Vale seeks application to prosecute picketing workers
(Reuters) — A wildcat strike by construction workers at iron ore company Vale's nickel processing plant in Long Harbour, N.L.dragged into its fifth day on July 16, with hundreds of union members refusing to enter the job site in protest over wages.
Strikers lined the road to the construction project, ignoring calls from union representatives to return to work.
The company was in court on July 16 seeking application to prosecute picketing workers for contempt of court.
About half the workforce, or some 1,000 workers, were working at the $3.6 billion construction project on July 16, Vale said.
The Brazilian mining giant is building the Long Harbour plant to process nickel from its Voisey's Bay project in Labrador. The facility is expected to start operations in 2013.
The strike started On July 12, when some 100 crane operators blocked the entrance to the construction site.
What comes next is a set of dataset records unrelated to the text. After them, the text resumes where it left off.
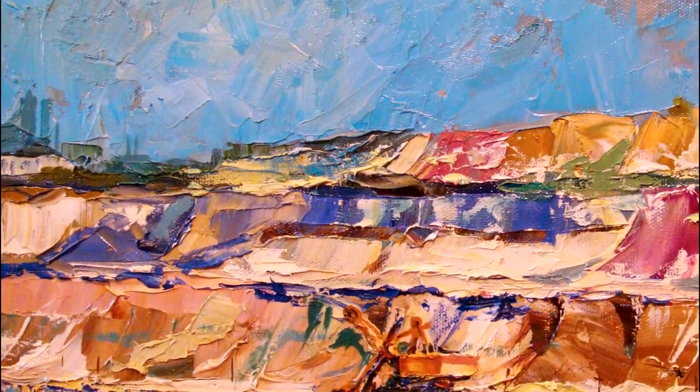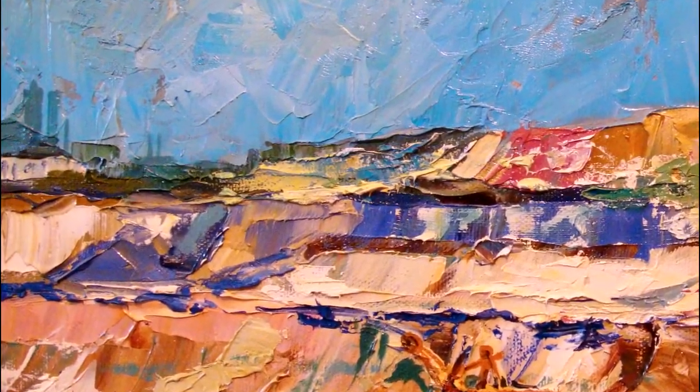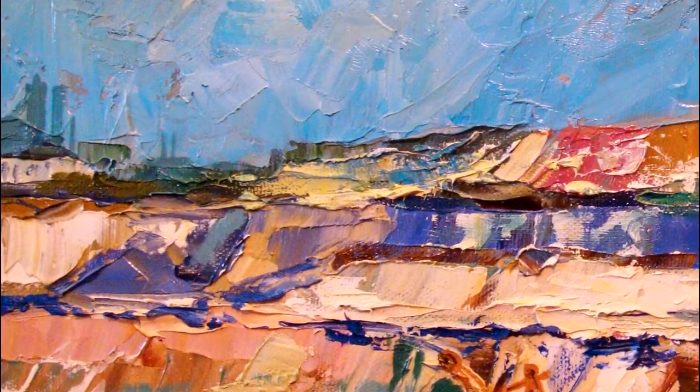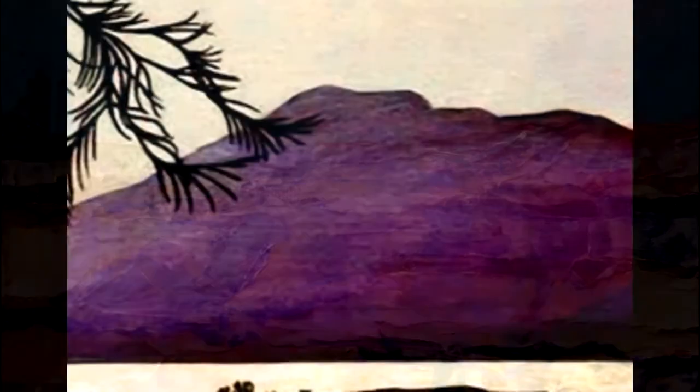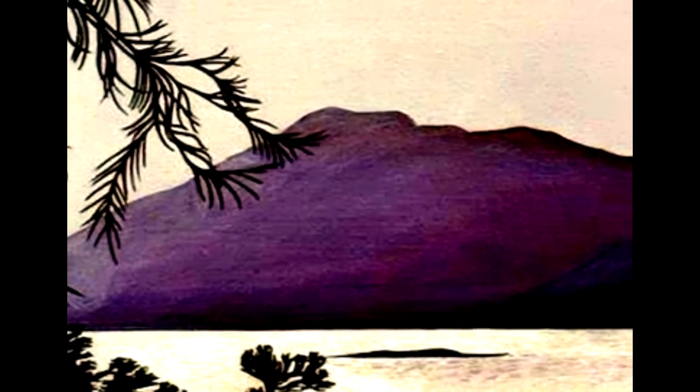Acrylics can be diluted with water or modified with acrylic gels, mediums, or pastes. Acrylic paint can resemble watercolor, gouache, or an oil paint. Acrylic painters can modify the appearance simply by adding water.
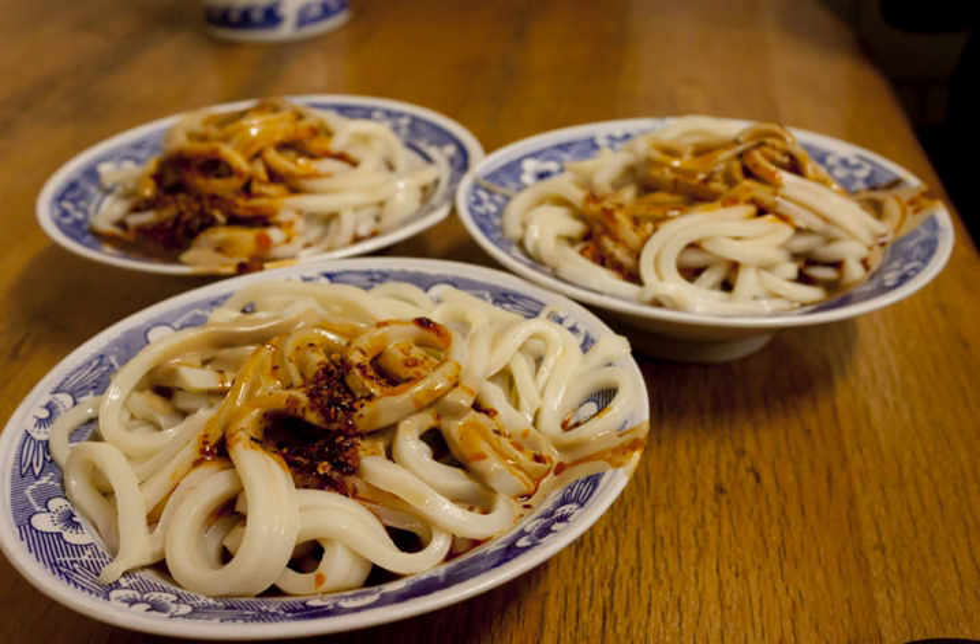Liang pi literally means cold skin, although it contains no animal products. There are several ways of making liang pi. First, wheat or rice flour is turned into a soft dough by adding water and a little bit of salt. Then, the dough is put in a bowl, water is added, and the dough is rinsed until the water is saturated with starch from the dough, turning into a muddy white color.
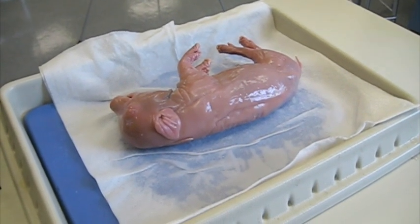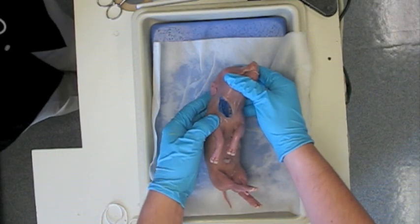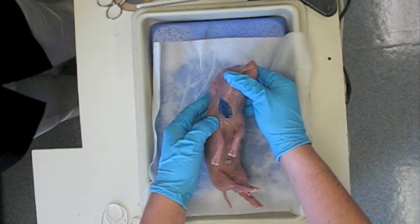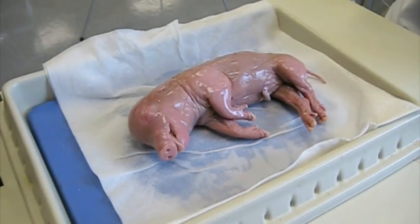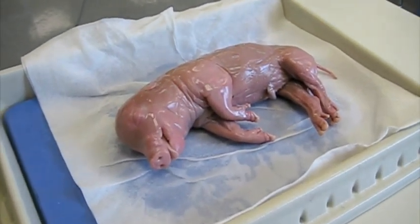Now that we have gotten our tray ready, we can start examining the pig. What you will likely notice first is a large cut that is stained blue. These animals are specially treated with preservative chemicals and dyes to outline the arteries and veins. Arteries are stained red and veins are stained blue. The opening is where they inject these chemicals. Let's take a look at some more external features.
The operators were upset over pay, which they say is lower than in other parts of Canada, the Canadian Broadcasting Corporation said. Workers at Long Harbour are represented by a number of unions and all have collective agreements in place.
Vale won a court injunction last week to prevent workers from blocking the road to the project. It was not clear on July 16 if the strike would cause project delays.
"This is an important project for us," said Vale Canada spokesman Cory McPhee. "We need to see this through to completion and these types of interruptions certainly don't help."